Now an established and widely accepted practice in the developed world, emerging nations differ in their approaches to CSR. While companies in some countries, such as Brazil, have been quick to embrace the concept, CSR remains underdeveloped (and unpopular) in other jurisdictions, particularly in the states that made up the former Soviet Union. However, whatever the approaches of individual countries, CSR continues to be voluntary in almost all jurisdictions.

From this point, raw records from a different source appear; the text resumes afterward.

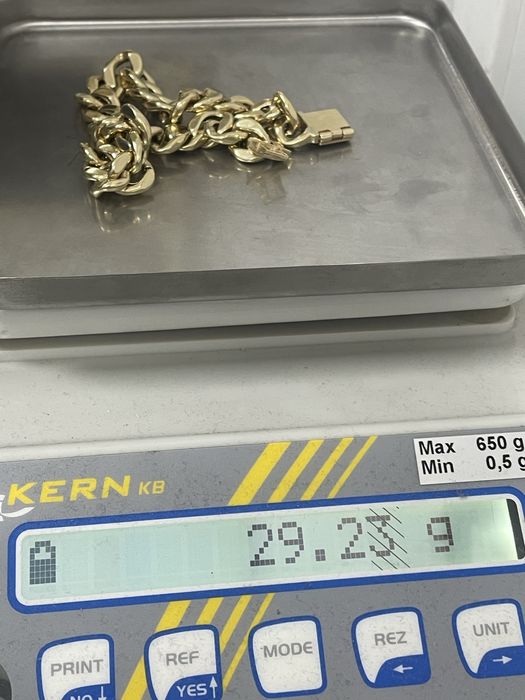 Златна Гривна - 14 Карата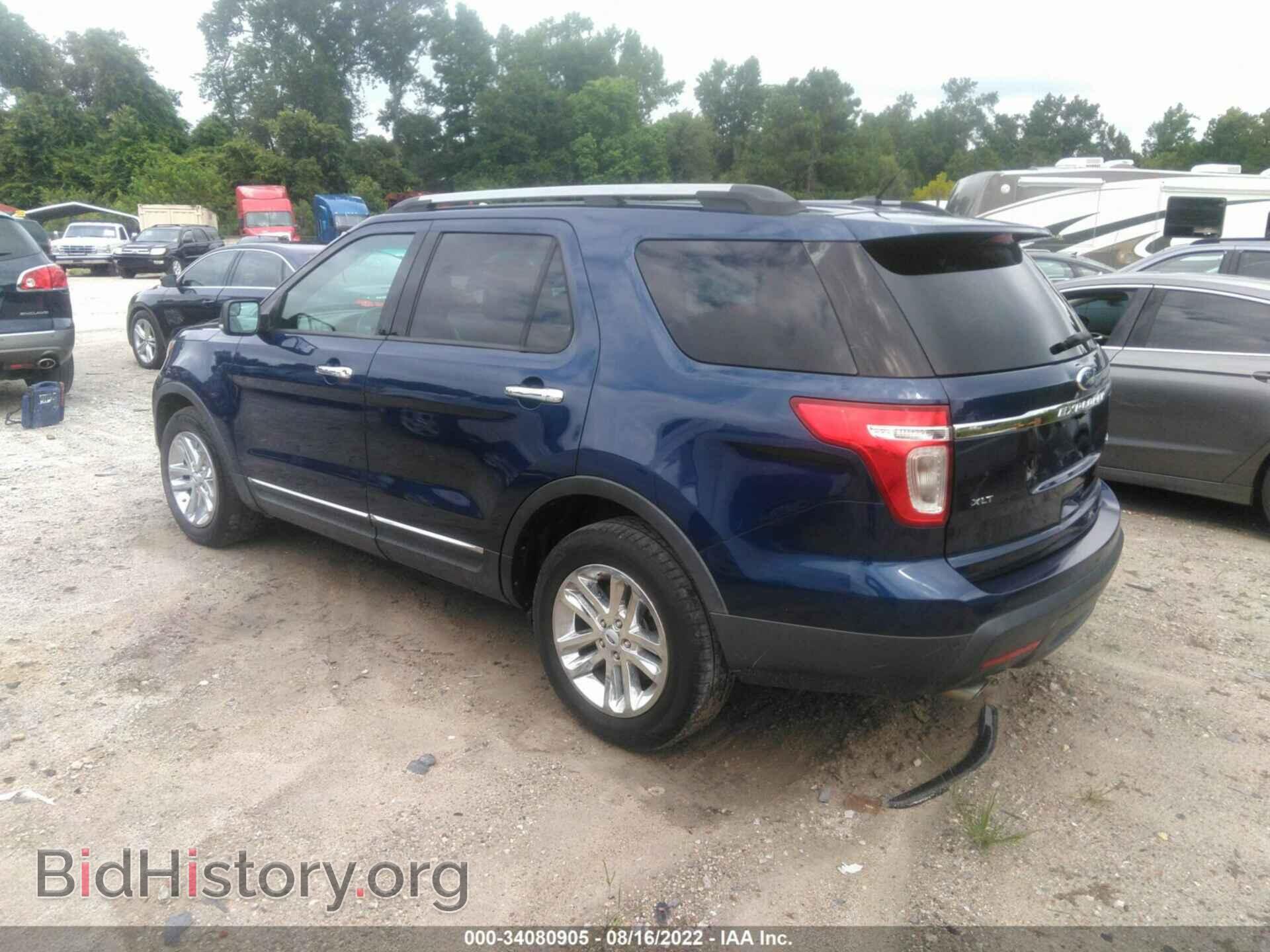 2012 FORD EXPLORER - VIN: 1FMHK7D91CGA50136 - Фото 3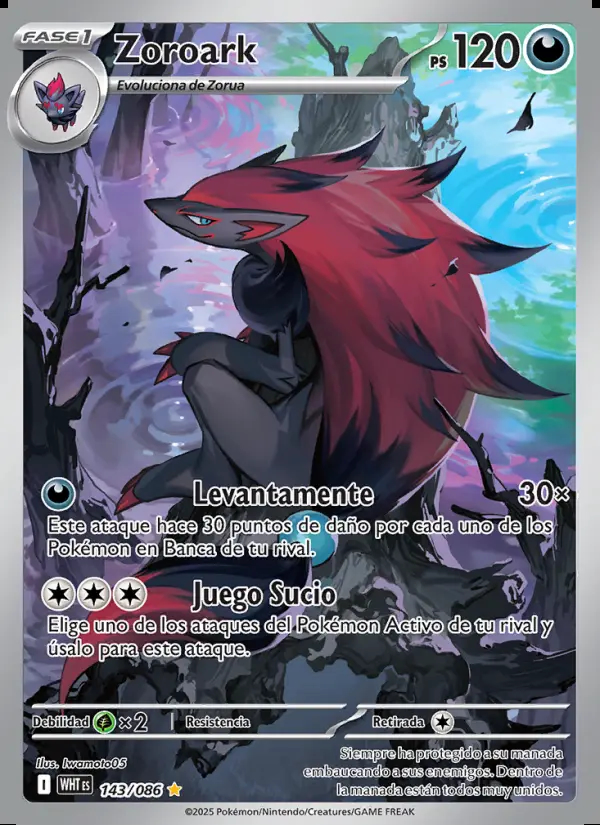 Image of the card Zoroark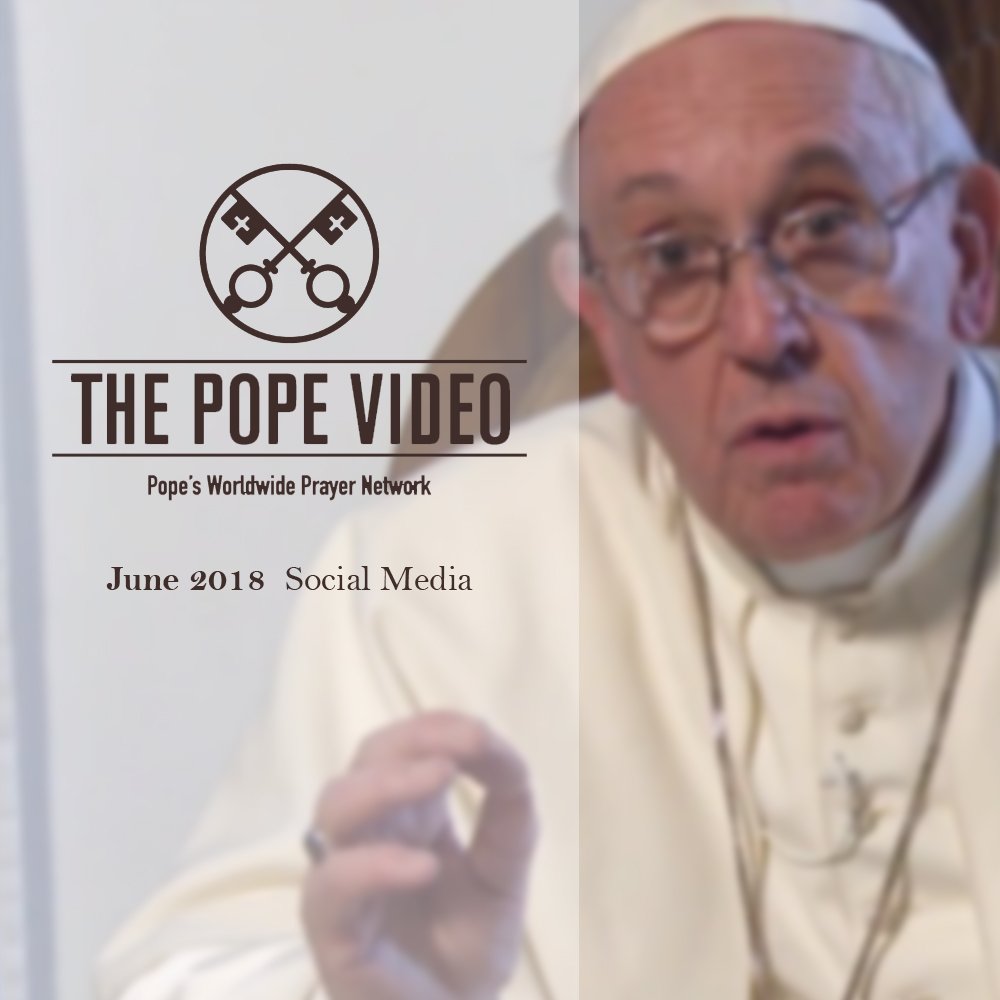 If you're reading this, then this month's Pope Video applies to you! Our Holy Father speaks about the importance of social networks, stating, "The Internet is a gift of God, but it is also a great responsibility." How do you help to make the internet a place rich in humanity?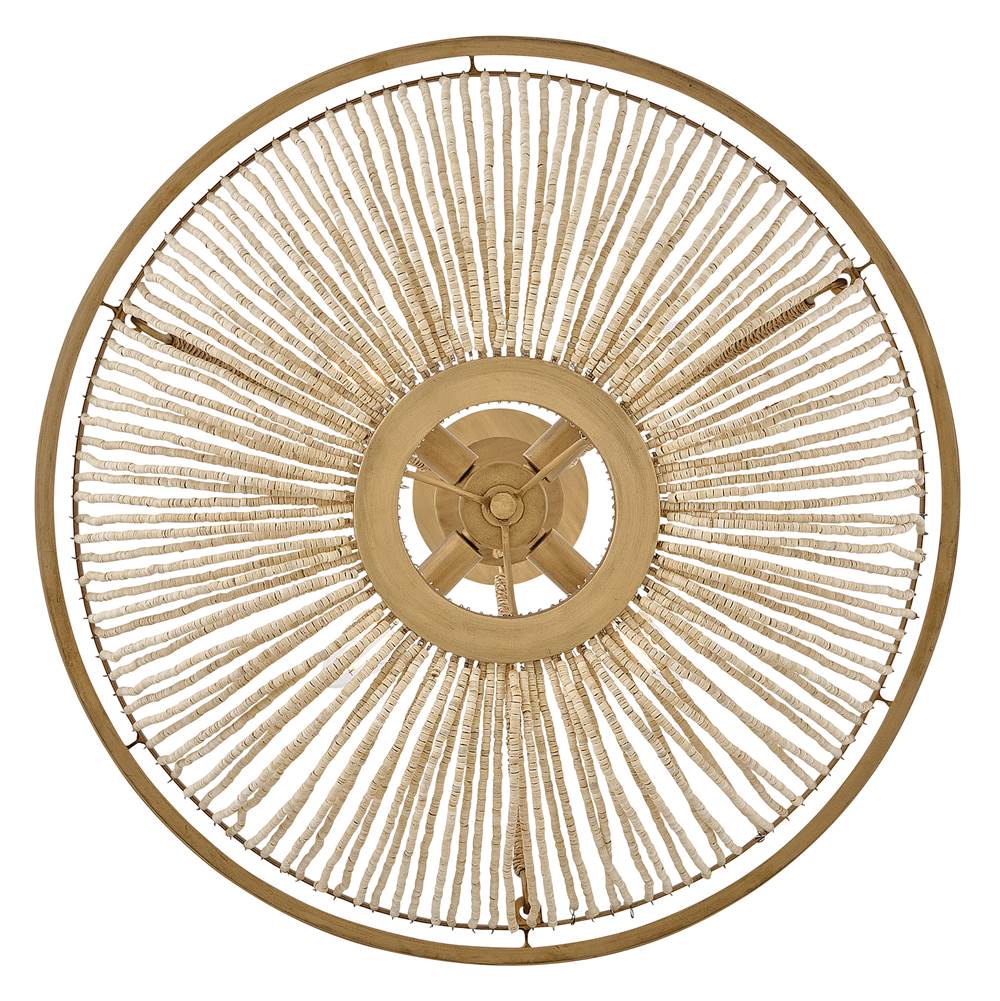 Hinkley Lighting 48614BNG Burnished Gold Medium Chandelier Image 3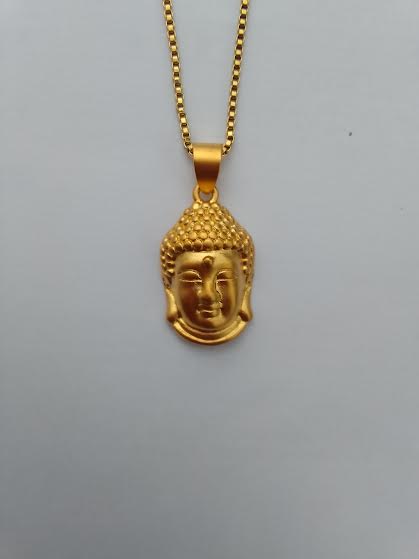 Pendentif Bouddha (Avec chaîne)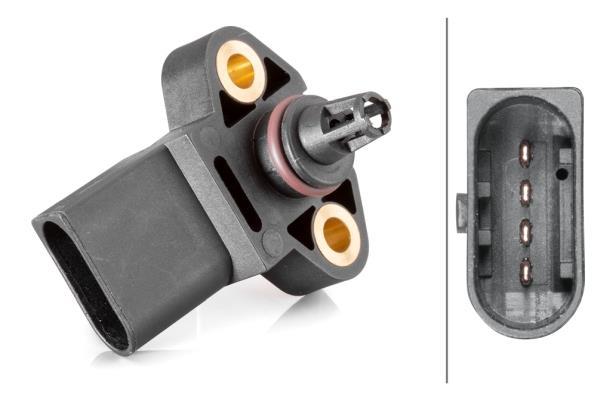 Sensor, temperatura del aire de admisión HELLA ref. 6PP 013 400-041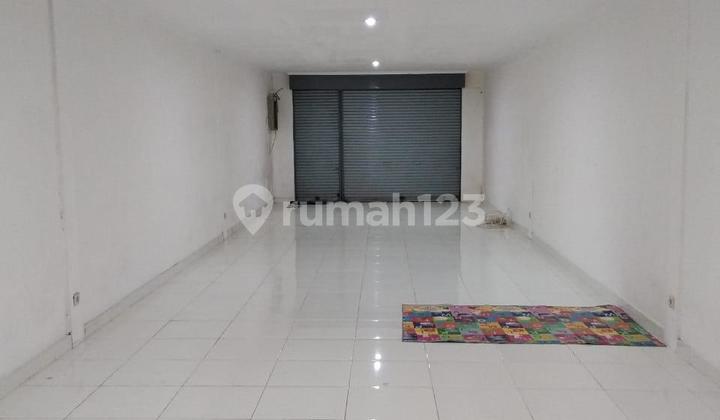 Ruko Jl Pangeran Jayakarta Pinggir Jalan Uk Tanah 105M2 Uk Bangunan 255M2 3 Lantai Surat SHM Hrg Sewa 150Jt/Thn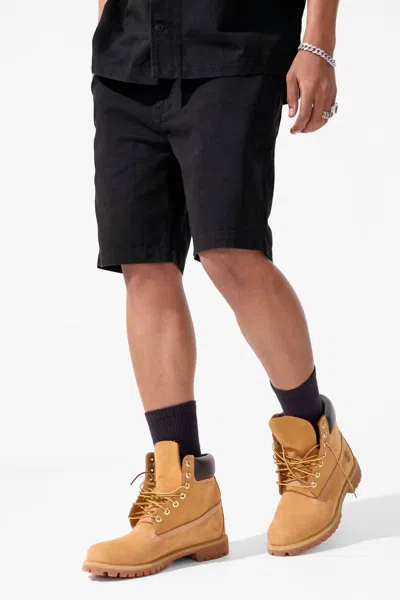 Jordan Craig Retro Re-up Short In Black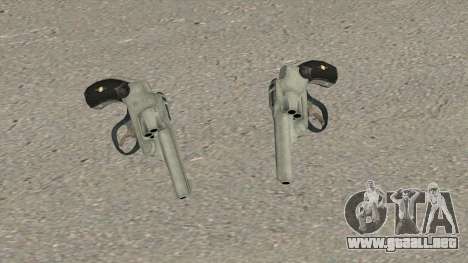 SW Hammerless Revolver para GTA San Andreas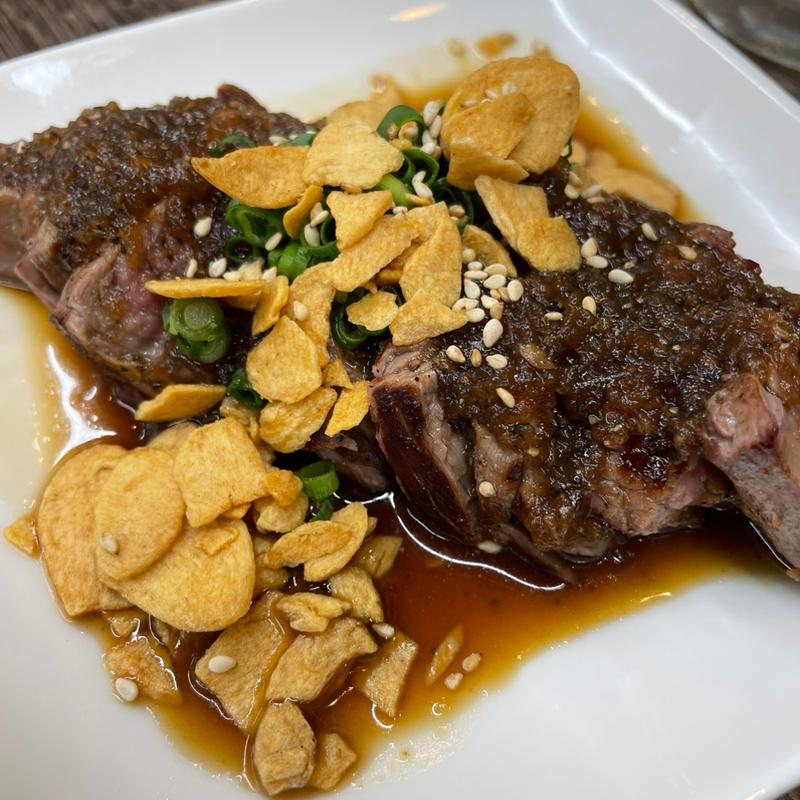 ぶ厚いヒレ(焼肉ここから 大泉学園駅前)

By contrast, through the incorporation of Article 74(4) in the Companies Act, Indonesia has opted for the path of mandatory CSR, or what is sometimes pejoratively referred to as “coercive social responsibility.” As such, this country has become one of the very few jurisdictions in the world to have established a mandatory CSR regime, albeit a limited and rather undemanding one – at least thus far.
Who is affected?
Article 2 of the New Regulation declares generally that every company, as a legal subject, has social and environmental responsibilities. This is fully in line with the international concept of corporate citizenship, as enshrined in the CSR documents produced by the United Nations, the ILO and other international organizations.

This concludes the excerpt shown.